_PROBLEM_
Could you print exactly the lines of the listing below, starting at the line that has "Blusa Donna Tinta" and ending at the line that has "Pink & Blue Narikunj Patola Saree", and only those lines?

_RECORDS FOR THIS EXERCISE_
::::

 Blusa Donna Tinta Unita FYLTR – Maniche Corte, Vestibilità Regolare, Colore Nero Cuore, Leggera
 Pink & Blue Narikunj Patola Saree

::::

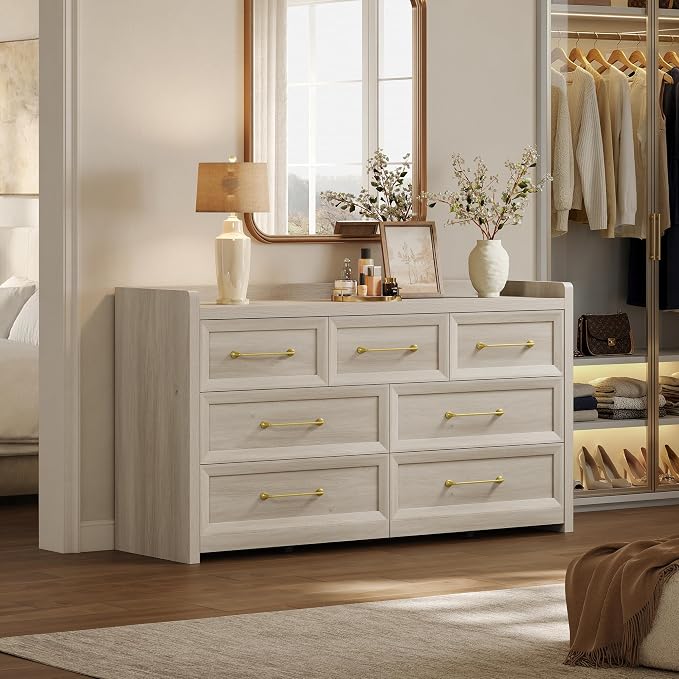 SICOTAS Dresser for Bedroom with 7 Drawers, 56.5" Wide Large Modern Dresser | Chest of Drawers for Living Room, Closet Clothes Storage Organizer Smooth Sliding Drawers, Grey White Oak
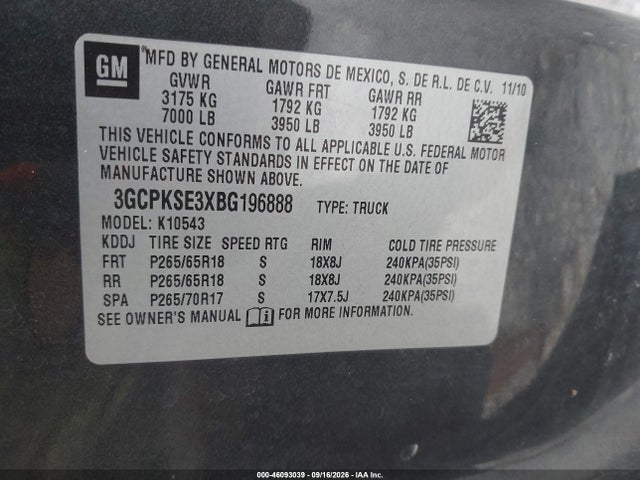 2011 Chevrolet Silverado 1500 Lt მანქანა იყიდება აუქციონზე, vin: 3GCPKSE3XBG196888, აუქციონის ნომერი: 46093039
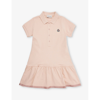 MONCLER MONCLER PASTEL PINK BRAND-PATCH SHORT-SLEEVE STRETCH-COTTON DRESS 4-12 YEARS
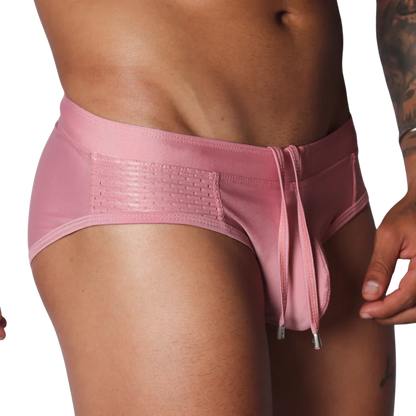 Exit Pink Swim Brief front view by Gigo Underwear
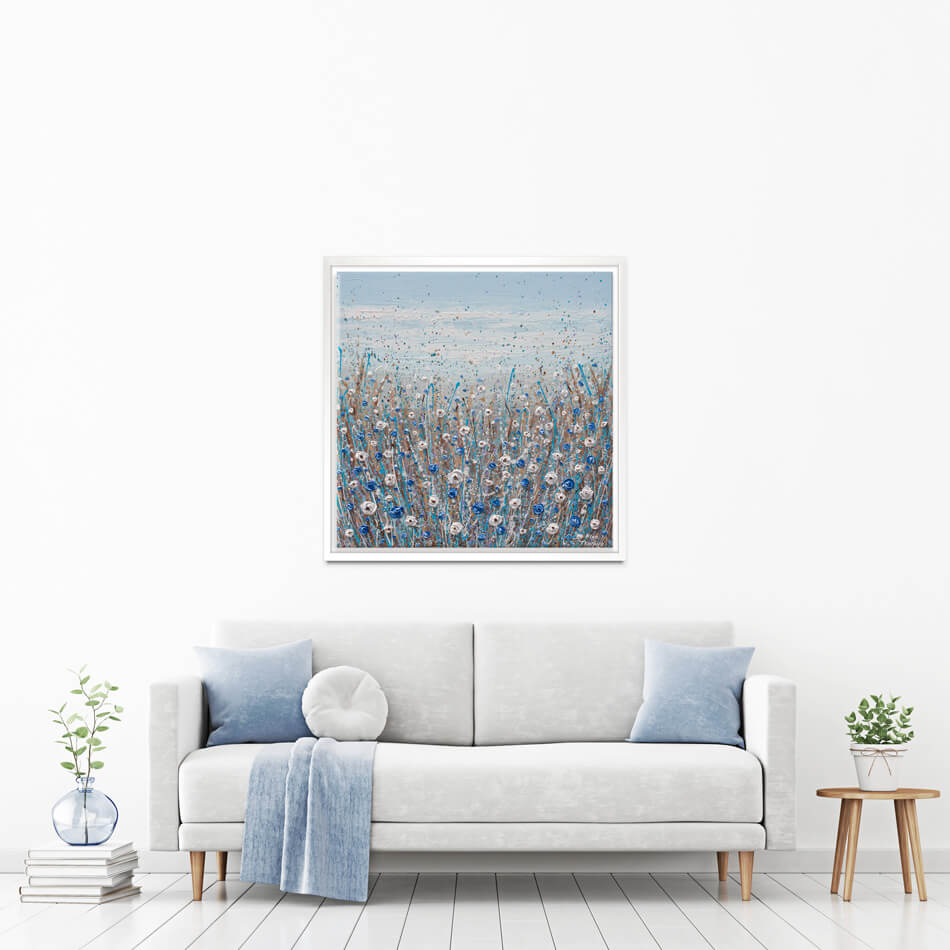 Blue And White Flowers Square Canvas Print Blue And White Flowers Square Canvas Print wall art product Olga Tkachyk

::::

_WORKED SOLUTION_
 Blusa Donna Tinta Unita FYLTR – Maniche Corte, Vestibilità Regolare, Colore Nero Cuore, Leggera
 Pink & Blue Narikunj Patola Saree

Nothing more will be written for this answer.